The session was meant to start at 11am, however by 1pm only 25 of the 100 members had arrived. The road outside the Shura Council building was closed off as the various protests were staged. The biggest of the protests was group of around 100 graduates from various Egyptian universities.
Hassam Farouk, who has a master’s degree in literature, said “everybody here has a PhD or a Master’s degree. We were all promised jobs but we are still unemployed.” Farouk said, “the government has refused to employ us. A paper has been waiting on the desk of the prime minister for a year and a half, and despite the change of personnel for the role, none of them have signed the paper.”
The graduates had blocked the street causing a traffic jam. There were some minor scuffles with the police but it was mostly peaceful. The protestors were eventually moved off the road and traffic flowed again.

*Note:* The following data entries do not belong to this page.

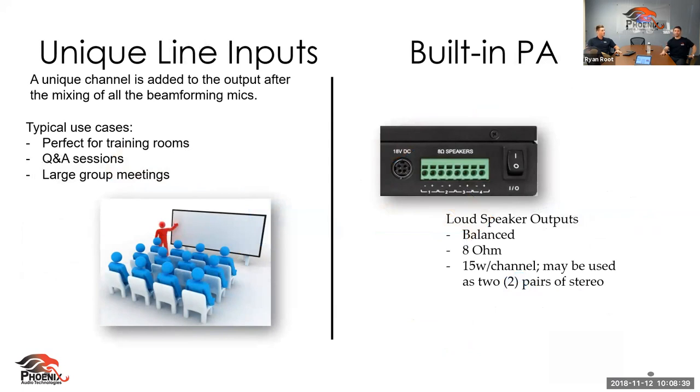The unique line inputs are for devices like a handheld microphone, lapel mic, wireless mic, or a throwable microphone like a Catchbox — for sound reinforcement or bringing in media from the room. Next is our built-in power amplifier, which is a huge space and time saver: 15 watts per channel, four channels, at 8 ohms.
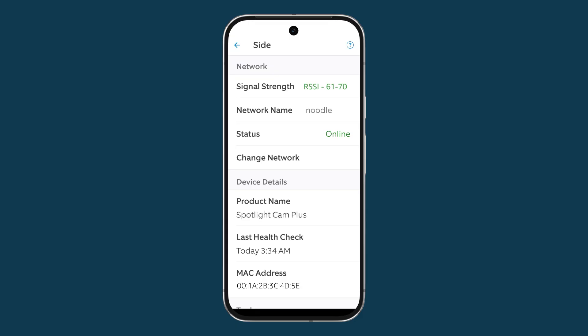If your RSSI is from 61 to 70, it could be improved — this means you might have some live view issues. If it's from 71 to 80, it's poor and your Ring device is going offline often. And if it's greater than 80, you have no connection. Click on the link in the description below if you need to troubleshoot your wi-fi issues.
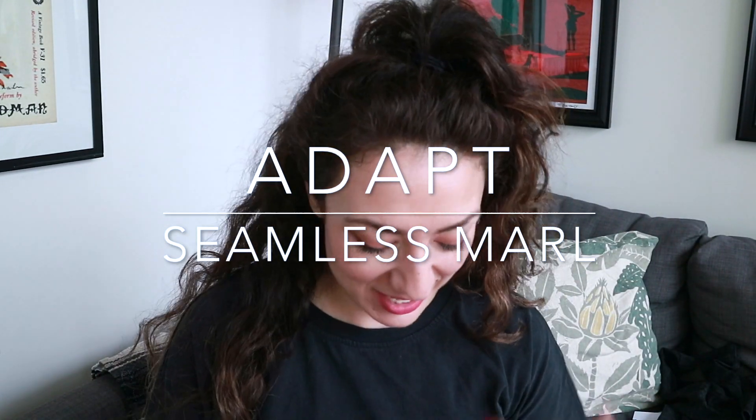Next up, we have the Seamless Marl Collection. From this one I got leggings, the bra, and the long sleeve crop top. I got the leggings in medium and large — the medium is the black, which looks dark gray to me, and the large I got in the lighter gray color. With light leggings, they tend to be a little bit more sheer, so I figured I might as well.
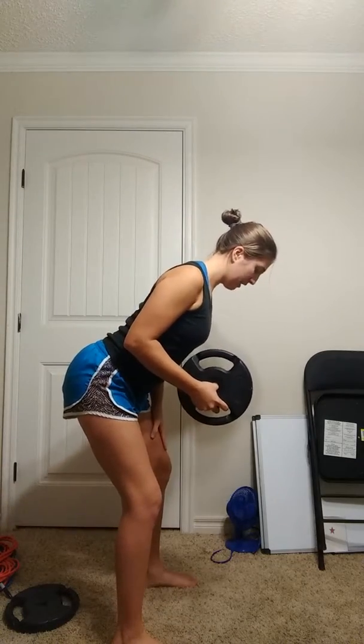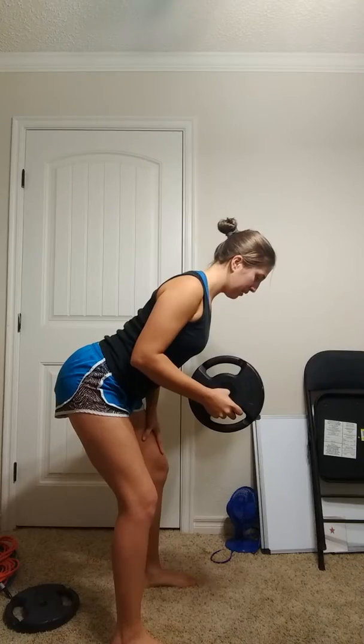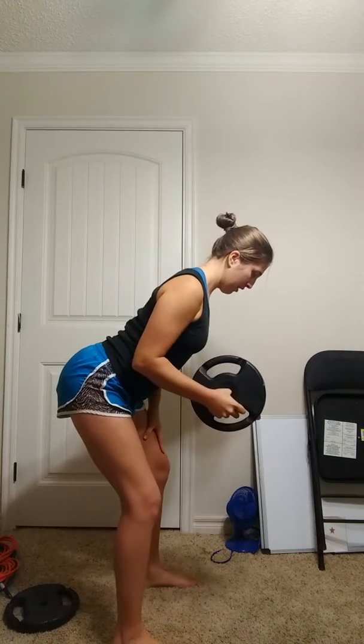Bring that elbow in, spine tall, come out to the side, down. Out to the side, down. You'll notice I can probably tip over even more — I'm looking at myself and seeing what I need to fix. Shoulder blades back and down, out, in, out, in.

They chanted, calling for the signing of the document, which would allow them to work. Farouk added, “we hoped to finish this today but they have said that the paper will be signed at 10am tomorrow morning, so we are staying here until it is signed.”
Next to the graduates was a much smaller group of Nile cotton workers, who were sitting peacefully with their placards. They were complaining that they had not been paid for ten months and were demanding their pay and fair wages.
Further down the street, directly outside the Shura Council building was a collection of journalists from party newspapers. Hala Mohamed, who used to be a journalist for Al-Nour party newspaper said, “nobody here has a job, we have not had a salary for a very long time.” The amount of time the group had been out of work for varied between two months and ten years. Mohamed added, “the Shura Council has a responsibility for us. We want Ahmed Fahmy to help us, it is his duty!”
The journalists had one demand; to distribute them around the national newspapers so that they are able to work again. Mohamed said, “if we have no work, we have no salary, no insurance and no life.” She continued, “we will continue our strike in the journalists syndicate building and if our demands are not met we will begin a hunger strike.”
Yussef El- Ghazaly was fired from Al-Wafd two months ago because he refused to sign a document which would reduce his job security and he encouraged his colleagues not to sign it either. He said, “this shows journalists being treated badly and this is a problem.”